La terza edizione del manuale, che si pubblica a soli quattro anni dall’uscita della seconda, si è resa necessaria perché, oltre alla consueta evoluzione della prassi applicativa e giurisprudenziale, negli ultimi anni il diritto antitrust ha conosciuto un momento di profonda crisi e rinnovamento...
La terza edizione del manuale, che si pubblica a soli quattro anni dall’uscita della seconda, si è resa necessaria perché, oltre alla consueta evoluzione della prassi applicativa e giurisprudenziale, negli ultimi anni il diritto antitrust ha conosciuto un momento di profonda crisi e rinnovamento, che ha interessato non solo la sua applicazione in concreto, ma i suoi obiettivi, strumenti, e ruolo nell’ambito delle politiche pubbliche di intervento nell’economia. Vi è infatti chi ha visto nel diritto antitrust o, meglio, nel modo e nei parametri tradizionalmente utilizzati per apprezzare le condotte delle imprese, uno dei fattori che ha contribuito alla crescita eccessiva del livello di concentrazione dei mercati, alla perdita di potere dei lavoratori della grande impresa, all’acuirsi delle disuguaglianze e del deficit democratico. Si è pertanto chiesta a gran voce una modifica radicale degli obiettivi del diritto della concorrenza, abbandonando l’approccio puramente efficientista per uno più attento a preservare la struttura competitiva dei mercati e a garantire un equo processo competitivo tra le imprese. In questo contesto è poi entrato di prepotenza il discorso sulla sostenibilità e la conseguente necessità di assicurare coerenza tra la tutela del gioco concorrenziale e l’obiettivo di giungere a un modello di società in grado di consumare e utilizzare le risorse disponibili senza compromettere la capacità delle generazioni future di soddisfare le proprie esigenze. Su un fronte diverso, o forse opposto, vi è poi chi ha inteso il (invero relativo) rigore con il quale il diritto della concorrenza è stato applicato, specie nel campo delle concentrazioni, come un sostanziale ostacolo al perseguimento delle politiche industriali da parte degli Stati e dell’Unione europea nel suo complesso, chiedendo pertanto un ridimensionamento dei poteri attribuiti alle autorità antitrust o, quantomeno, la possibilità per i governi di intervenire sulle decisioni antitrust per ragioni di interesse nazionale.

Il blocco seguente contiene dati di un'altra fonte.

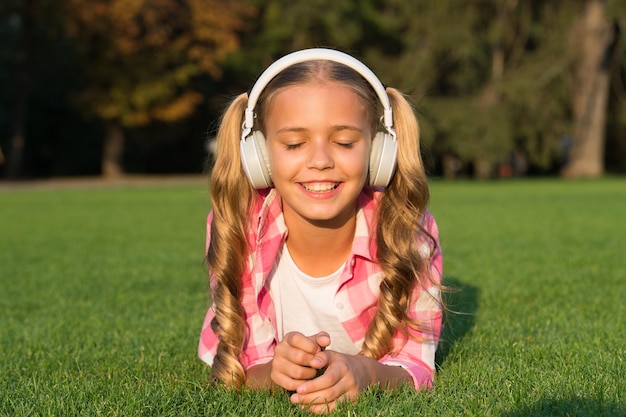 Una niña feliz con los ojos cerrados escucha música en auriculares relajándose en la hierba verde sonido al aire libre de verano soleado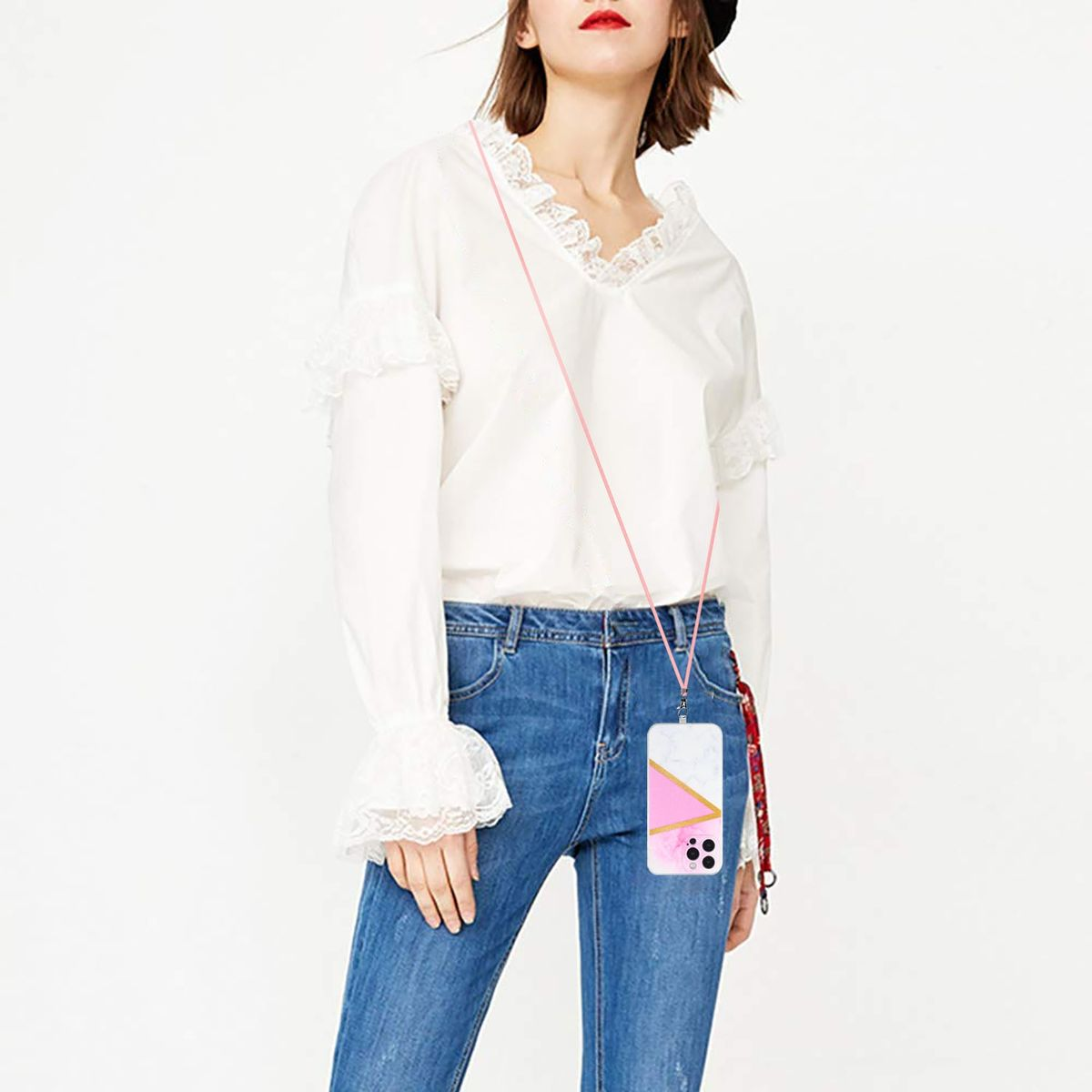 Frau mit weißem Hemd und Jeans, die ein Telefon mit pinkfarbener gemusterter Hülle hält.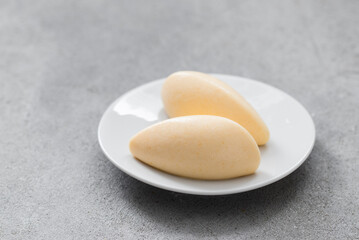 Tangerine cream dessert quenelle, on a plate. Copy space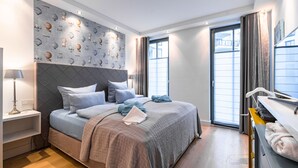 A modern bedroom with a large bed, a headboard with a geometric pattern, a wall with a shell print, and a window with curtains. - Luxury Seebrise Binz: Fireplace, Park Setting, and Perfect for a Vacation with Your Dog (Binz)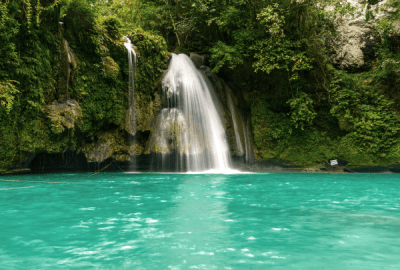 Kawasan Falls surrounded by lush forest and turquoise water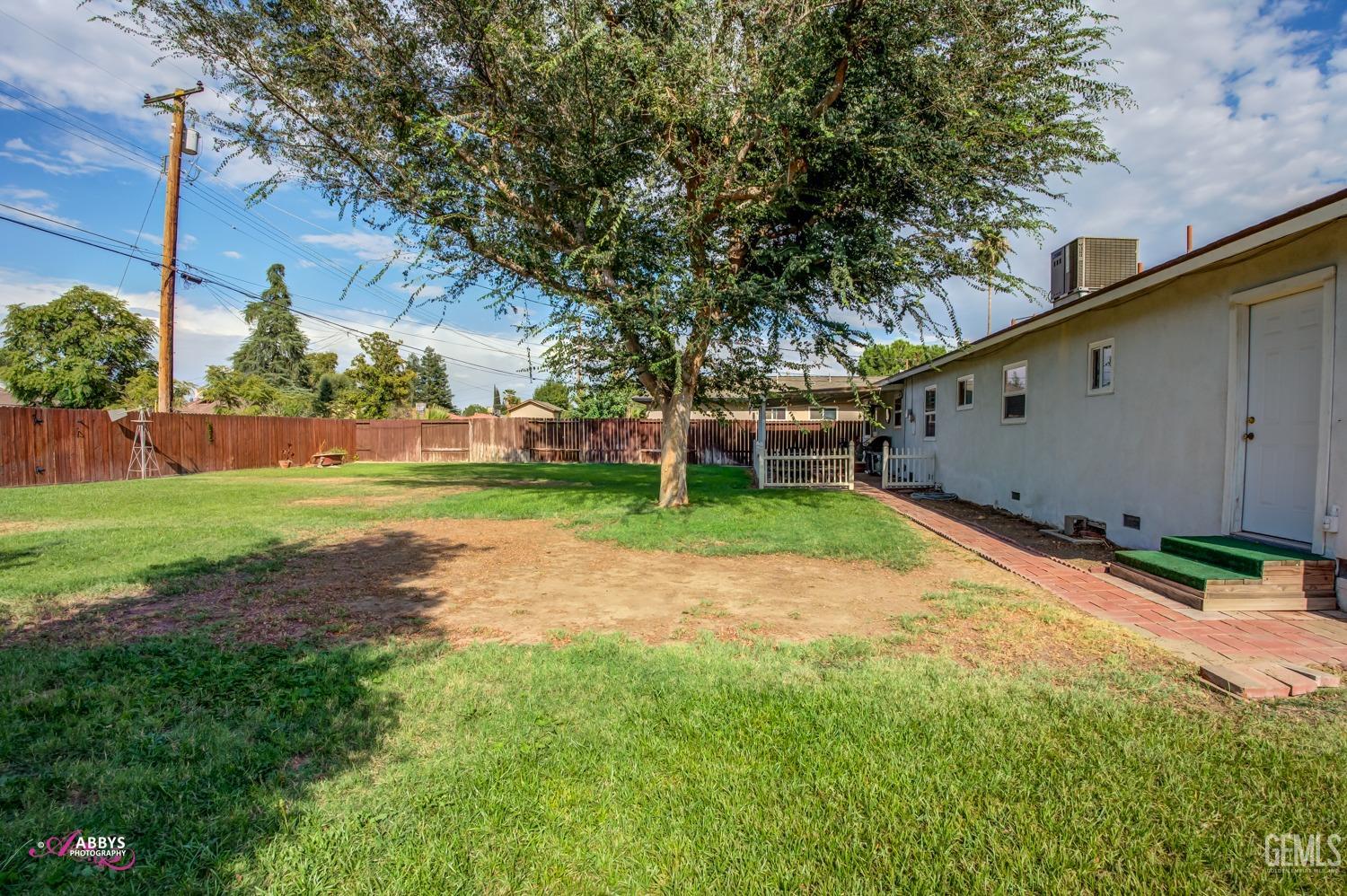 Undisclosed Address Bakersfield, CA 93309 - Photo 16 of 33 a backyard of a house with lots of green space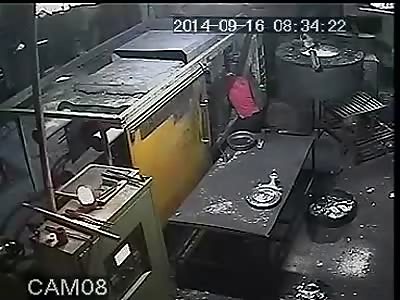 Man Having His Head Crushed by Hydraulic Press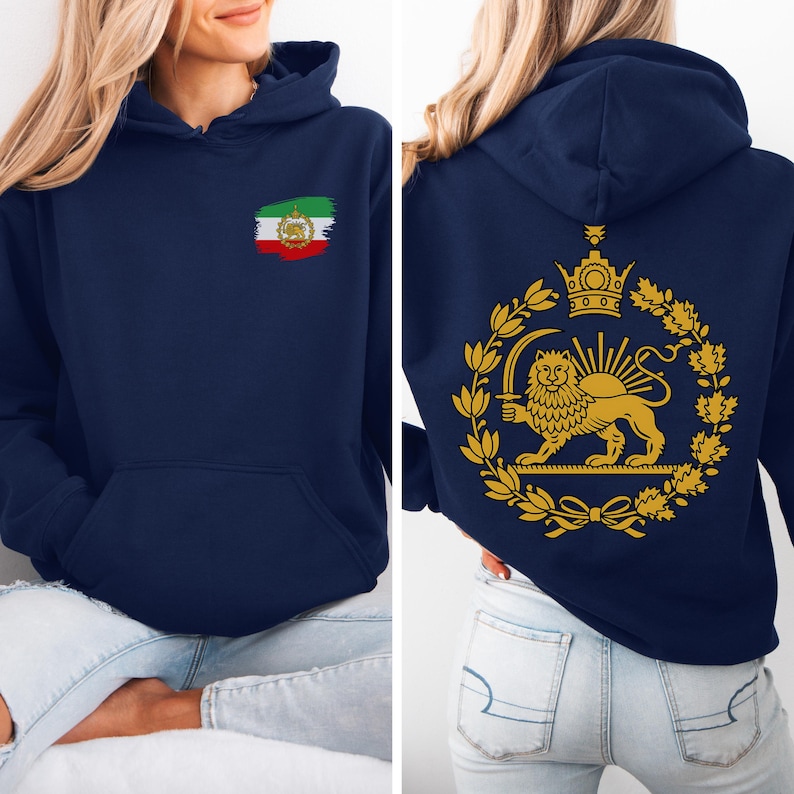 May include: Navy blue hoodie with a front pocket and a hood. The front features a small Iranian flag design. The back displays a gold emblem of a lion holding a sword, surrounded by a wreath and crown. The hoodie is made of a soft material.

Sino ad oggi, queste visioni non hanno più di tanto scalfito l’impianto generale del diritto della concorrenza, anche se, specialmente negli Stati Uniti, si è assistito ad un mutamento delle policies antitrust da parte delle autorità pubbliche di tutela della concorrenza (ma non ancora avallato dalla giurisprudenza), ora orientate ad un maggiore attivismo e ad una più decisa tutela della struttura concorrenziale dei mercati.
In questo breve arco temporale, sono state inoltre ampiamente riscritte le regole del gioco, sia in Europa, sia nel nostro Paese. Basti pensare, per quanto attiene all’Unione Europea, alle nuove comunicazioni in materia di intese orizzontali e verticali, che per un verso incorporano nell’analisi antitrust gli obiettivi in termini di sostenibilità e, per altro verso, attestano come ormai nelle relazioni verticali i principali problemi e restrizioni concorrenziali si siano trasferiti dal mondo fisico a quello delle piattaforme digitali. E, sempre da quest’ultimo punto di vista, ossia quello delle grandi piattaforme e operatori internet, si è assistito di recente ad un ulteriore grande mutamento. L’incapacità di contenere il potere di mercato attraverso le usuali disposizioni antitrust ha infatti indotto la Commissione europea ad adottare un approccio regolatorio ex ante, che è sfociato nell’emanazione del Digital Markets Act, il quale ad oggi riguarda le condotte delle sei principali piattaforme online.